From Monolith to Event-Driven: Finding Seams in Your Future Architecture

Key Takeaways

  • Monoliths are not always single-tiered; a distributed monolith can appear as a Microservices architecture, but behaves like a monolith
  • An event-driven architecture is the idea that events are the units of change
  • The differences between commands and queries is more fundamental in CQRS than the separation itself
  • Event sourcing’s separation of events from states can provide the necessary abstraction of the system’s transitional state
  • A seam in a transitional architecture is when a legacy element, if removed, will produce the target state architecture

Why Migrate?

Beyond the single-tiered monolith, a common architectural pattern is the 3-Tier Architecture which traditionally consists of presentation, business and data tiers. However, complexity is hardly ever proportional among those tiers. In some cases, we find business logic in the presentation tier or in stored procedures within the data tier. Yet, in other cases, we find the application tier divided into as many services as there are functions in the system. Some may even call this Microservices, but without the appropriate isolation, it is merely a distributed monolith.

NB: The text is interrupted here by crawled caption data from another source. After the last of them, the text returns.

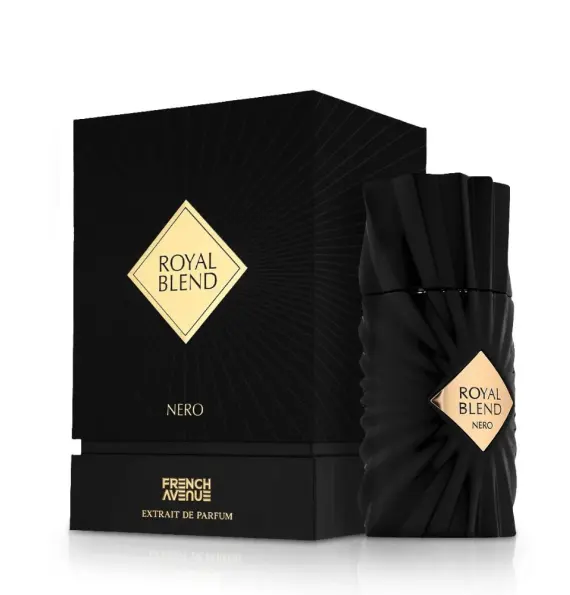 Ανδρικό άρωμα French Avenue Royal Blend Nero EDP 80 ml.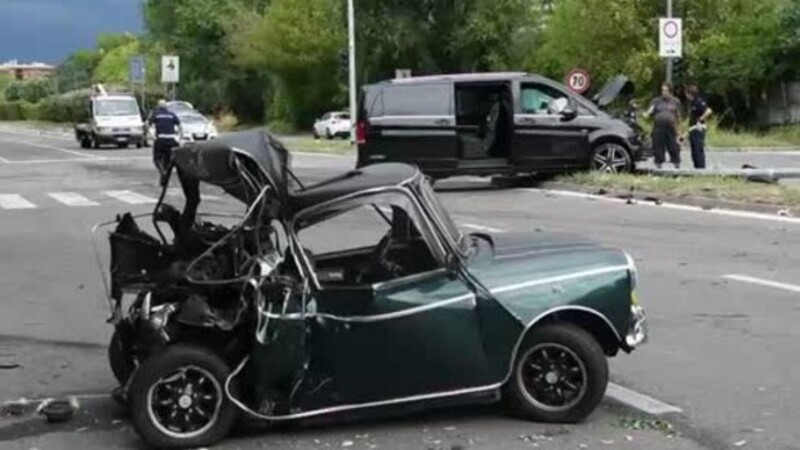 Travolto e ucciso su una Mini a Milano, il gup: &laquo;Auto d&#039;epoca non &egrave; un&#039;attenuante&raquo;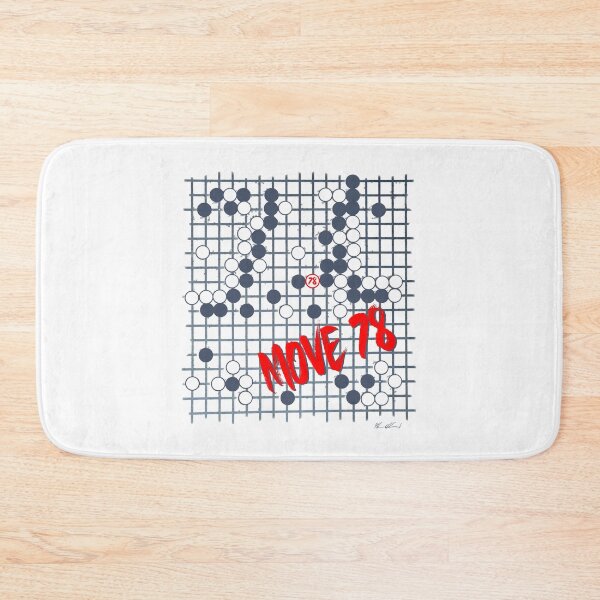 Item preview, Lee Sedol's Move 78 (White) designed and sold by Gidman77.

Figure 1: Comparison of some architectural styles.

These of course are not all bad architectural styles but each have risks. The common threshold for migrating to a new architecture is when the risk associated with changes is great enough or cannot be mitigated. It is just as important to recognize the reasons for making an architectural switch as it is to validate them prior to jumping in.

EDAs are All About Events

Event-driven architectures (EDAs) are not new but we may find that the practices we use in implementing them often distract from the core principles consequently causing us to overlook that EDAs are really about the events’ primary role of being units of change within the system. Practices often used in EDAs such as messaging and asynchrony may introduce such noise. You can build an event-driven system inside a monolith just as much as you can with a distributed system; simply look no further than most operating system kernels such as Windows or Linux.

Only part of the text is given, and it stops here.